John came to stand by her. His simple presence assured her that she was not alone. He didn’t touch her. He didn’t say anything as she flipped, unseeing, through sheets of music. He was just
there,
steady and honest and trustworthy.

It wasn’t hard for Mary to turn to John and give him the largest, most scintillating smile she could muster. She was
supposed
to be doing it to rivet Sir Walter’s attention. But she had only to look at the man who’d kissed her every night for the last week, and she felt herself burst into bloom. It wasn’t just a smile she gave him; it was her heart, writ large across her face. Her nervousness faded. Her breath eased. The whole room seemed to fade to an indistinct blur—everything except him. He was the only solid thing in a shifting world.

“You know,” he said, leaning down and whispering in her ear. “There’s one flaw with this plan. I don’t know how I will turn your pages. I can’t read music.”

“Don’t worry,” she murmured back. “I’ll play from memory. Just count to twenty-five and turn, and nobody will be the wiser.”

She took out a sheaf of music and set it in front of her and set her hands on the keys.

It had been so long since she’d touched an instrument. She had worried that she might have forgotten how. But the ivory, cool under her fingers, woke memories that went deeper than a few years’ hiatus. Her muscles still knew what to do. The first sprightly notes came out precise and clear, exactly as she remembered them.
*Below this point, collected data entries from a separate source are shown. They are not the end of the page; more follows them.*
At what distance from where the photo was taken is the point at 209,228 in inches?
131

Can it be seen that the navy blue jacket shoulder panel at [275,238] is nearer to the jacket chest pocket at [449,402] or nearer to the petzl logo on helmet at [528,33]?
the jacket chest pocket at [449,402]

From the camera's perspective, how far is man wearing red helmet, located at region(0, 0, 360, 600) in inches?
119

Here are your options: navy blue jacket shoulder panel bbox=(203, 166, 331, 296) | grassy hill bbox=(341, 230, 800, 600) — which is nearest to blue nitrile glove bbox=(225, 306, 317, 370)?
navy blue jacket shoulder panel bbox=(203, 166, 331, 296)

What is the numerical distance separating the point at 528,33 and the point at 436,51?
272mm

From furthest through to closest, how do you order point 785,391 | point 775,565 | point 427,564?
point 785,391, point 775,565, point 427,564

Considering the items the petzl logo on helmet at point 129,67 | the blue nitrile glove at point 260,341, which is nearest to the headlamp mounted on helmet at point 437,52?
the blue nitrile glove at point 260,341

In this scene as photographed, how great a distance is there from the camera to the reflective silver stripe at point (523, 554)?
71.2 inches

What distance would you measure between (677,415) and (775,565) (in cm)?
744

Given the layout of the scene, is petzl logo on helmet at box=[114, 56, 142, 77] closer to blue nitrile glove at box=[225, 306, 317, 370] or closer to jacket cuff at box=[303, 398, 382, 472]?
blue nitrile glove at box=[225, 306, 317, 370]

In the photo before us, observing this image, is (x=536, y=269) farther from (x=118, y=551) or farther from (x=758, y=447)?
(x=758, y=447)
She had always loved Beethoven’s
Diabelli
variations, in part because the individual pieces were so…various. They were not minor alterations in key and structure, but complete transformations. Chords were taken from one variation and built into a new melody in the next. The notes of the original waltz were still present if you knew what to listen for—they were just given an entirely different meaning. It was music tied to a common heart but made without limitation.

Her fingers faltered at first. But the joy of a variation was that it was all too easy to cover a mistake. Those first missteps she converted into alterations of her own—little ones, at first, and then trills that she added on purpose.

Herr Rieger had told her—and Mary suspected the tale was apocryphal—that Beethoven had composed the music on a dare from a friend: Take the most mediocre waltz you can find, someone had taunted the composer, and see if you can make it magnificent.

That’s what Beethoven had done, thirty-three times over.

She glanced up at John, standing behind her, and smiled again. She’d had her run of mediocre waltzes. Now it was time to make what she had—what they had—magnificent. The music didn’t carry her; she carried it, from chord to breathless chord, from variation to variation.

She didn’t do all of them. She hadn’t the time or the strength in her fingers. But she played until her fingers began to ache with the unaccustomed exercise. She played long enough to see Lady Northword tap Lady Patsworth on the shoulder out of the corner of her vision. She played with John’s hand hovering mere inches from her shoulder and Sir Walter glaring at her, promising dire retribution.

When her hands began to falter, she skipped to the final variation and ended.

The handful of guests clapped vigorously—all but Sir Walter. The applause died into a moment of silence. Then the windows rattled, and the house shook with the booming roll of real thunder. Even the weather itself applauded her. Mary smiled and ducked her head.

“Miss Chartley,” said Lady Northword. “Mr. Mason was right. You are more than proficient. You are magnificent. I see that I shall have to ask you to visit far more often.”

“Unfortunately,” Sir Walter said, “that will not be possible. You see, my wife…” He stopped and looked about him and abruptly shot to his feet. “Where is my wife?”

There was a moment of absolute silence—the kind of moment that performers dreamed of. Mary was not yet off the stage. She stood, collecting the piano music into some semblance of order.

“Why,” Lady Northword said, “she is talking with her brother.”

“Her brother.” Sir Walter took a step toward the door. “Why is her brother here?”

The back door to the salon opened. “Because I am leaving with him,” Lady Patsworth said.